As long as we truly have a free market, the answer is yes. The problem is that the Sons of Sam I Am know this, and they have powerful weapons with which to combat these market forces. In New York, for example, they've passed a ban on trans fats in that city's restaurants, which must be in compliance by July 2008 or begin paying substantial fines. Several states have considered levying punitive taxes on foods they consider to be unhealthful. Elsewhere, the Sons of Sam I Am are filing nuisance lawsuits against fast-food restaurants, holding them responsible for their plaintiffs' obesity.
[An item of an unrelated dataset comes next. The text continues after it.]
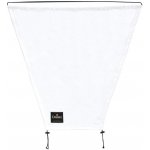 Emitex Korba bílá – Zboží Dáma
Partly due to the implicit threat of judicial and legislative force, they have managed to mau-mau Burger King into adding a veggie burger to its menu. (Speaking of which, isn't mau-mau one of the entrees at the House cafeteria?) There isn't much demand for the meatless patty, but just wait until federal, state and local burger taxes have been enacted. Once you've had to finance a Whopper on an installment plan, an inexpensive oat puck will start to look pretty good by comparison.
What makes it all the more galling is that most of the Sons of Sam I Am are of the same political persuasion as those who employ the slogan "our bodies, our choice" when they want to do things to bodies that aren't really theirs. Conversely, they disdain the concepts of privacy and individual choice when it comes to one's own digestive tract. Moreover, the older, hippier types among them (see: Hillary) fail to grasp the irony of imposing their new conformity, by which individuals must bend to the demands of "the health care system."
Come to think of it, Sam I Am lacks a sense of irony himself. These days, if he went around foisting fatty pork products and cholesterol-laden eggs on people, he would get his pants sued off. If he ever wore any, that is.-- Daniel Clark is a Staff Writer for the New Media Alliance. The New Media Alliance is a non-profit (501c3) national coalition of writers, journalists and grass-roots media outlets.